The union representing Minneapolis police officers released a statement late in the day Friday that concluded, “[I]ssues identified in this report can’t be shouldered by the police officers alone. It will require the elected officials to provide the support and resources to do the work. It will require immense work in the community to build trust and it will require department leadership to be leaders.”
‘Trying to change culture’
Garland told reporters Friday that the MPD, the city and the Justice Department have agreed to work together to negotiate a consent decree intended to address the problems identified by the federal authorities that will include an “independent monitor.”
A consent decree — which can include requirements like officer training, increased transparency about police actions or revamped processes for officer accountability — would not be lifted until the court is satisfied the city has made progress on the terms of the agreement.
Minneapolis Police Chief Brian O'Hara, who took over the force in 2022 and was hired in part because of his experience handling a consent decree in Newark, N.J., said Friday that "this is truly about trying to change culture and trying to build bridges” and not simply checking off boxes on reform measures.
The department must have a culture of officers intentionally trying to earn people's trust, he added.
O'Hara later told MPR News that some in the department were initially frustrated by what they heard from Garland given that officers who’d been connected to some of the specific incidents of abuse were no longer with the department.
The report, he added, will help drive the change but that it will also require funding, technology and better training.

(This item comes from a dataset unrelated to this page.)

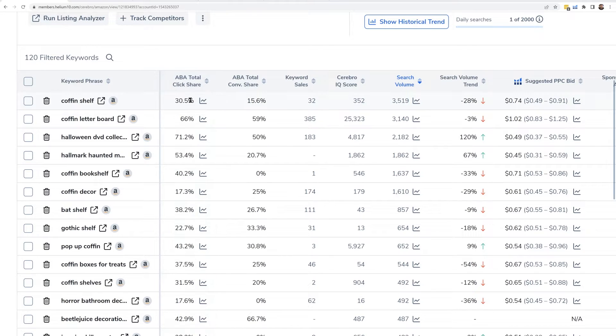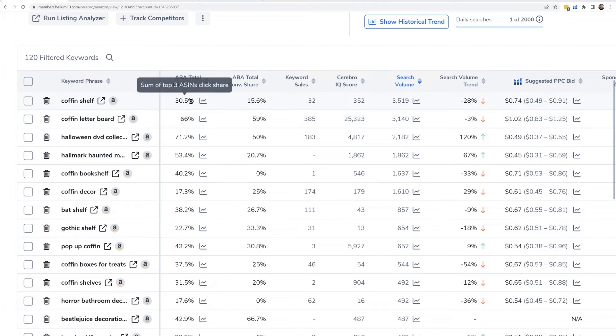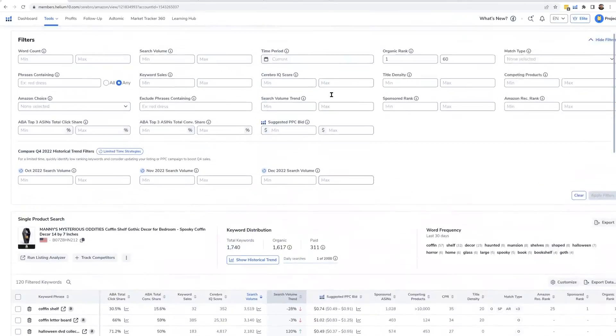For example, for 'coffin shelf' it says ABA Total Click Share 30.5 — meaning the top three clicked products over the last week for that keyword got 30.5% of all clicks. It says ABA Total Conversion Share 15. Theoretically, if three products got 30% of the clicks, they should get 30% of the sales. But here the conversion share is only 15%, meaning 85% of the sales for this keyword aren't even from the top three clicked products.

The findings align with what people of color in Minneapolis have been saying for generations, said Mayor Jacob Frey, who vowed to use the Justice Department report and the subsequent federal involvement to improve policing.
“The truth is we still have a lot of work to do,” he said. “We needed this help.”

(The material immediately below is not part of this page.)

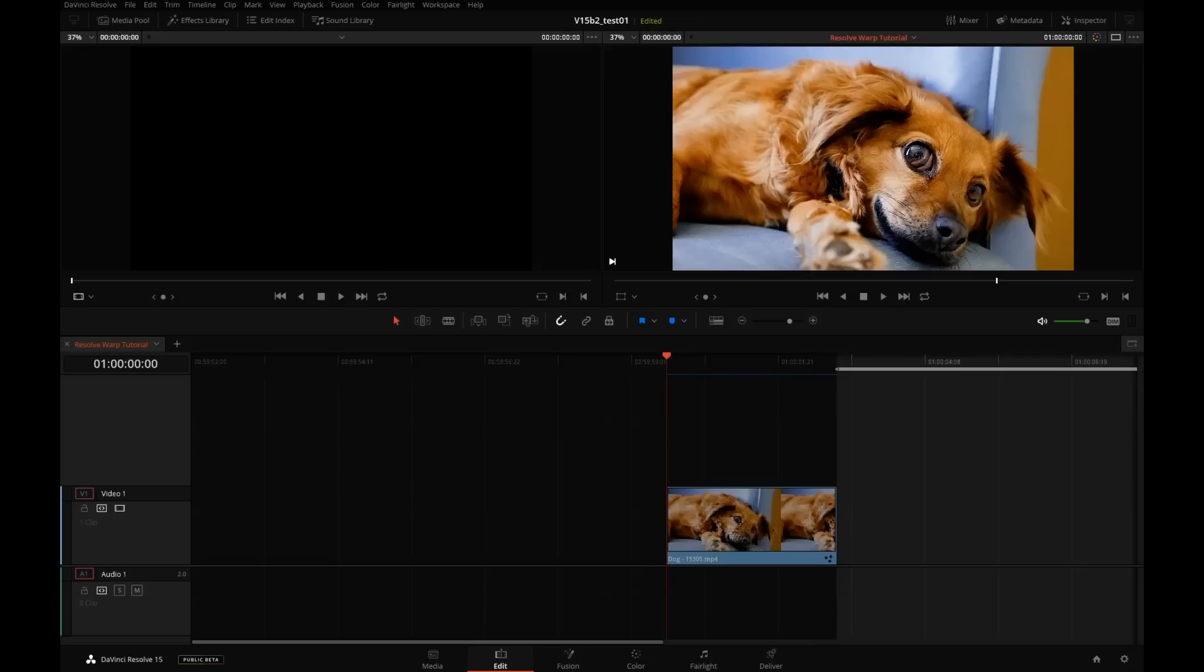Thanks for watching. I hope you found this tutorial useful. It should give us a good idea of some of the nice new features in Resolve 15.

Michelle Gross with Communities United Against Police Brutality who helped the DOJ connect with residents — especially those with a mental illness and disability — about their experiences with the MPD called the report “robust” on problems that “have gone on for decades.” But she said having the community participate will make a difference.

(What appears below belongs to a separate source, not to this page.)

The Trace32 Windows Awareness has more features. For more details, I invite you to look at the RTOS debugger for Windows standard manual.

“We are grateful that the Department of Justice has finally decided to intervene. This intervention was long overdue. And we are hopeful we are doing our best to put our trust in them, that they will hold Minneapolis elected officials accountable, because they have not been accountable to the people,” said civil rights advocate and attorney Nekima Levy Armstrong.
In a statement Friday, Police Officers Federation of Minneapolis President Sgt. Sherral Schmidt noted the report’s recognition of the difficult work of law enforcement and the wide disparities economically in the city. But Schmidt criticized the report’s findings for relying too much on anecdotal incidents that do not tell the whole story of the department.
“In some instances, the report presents incidents in a misleading light such as repeating allegations that were rejected by neutral arbitrators. Rather than engage in a point by point analysis, suffice to say that it is hard to imagine that a two-year long investigation of thousands of actions by the people of ANY organization the size of MPD would not uncover several mistakes of varying levels of severity,” Schmidt said in the statement.
The federal probe had a broader scope than a separate state investigation by the Minnesota Department of Human Rights, which found Minneapolis officers discriminated against people of color.
It led to a court-enforced settlement agreement in March that, among its provisions, bans officers from searching people because they say they smelled marijuana.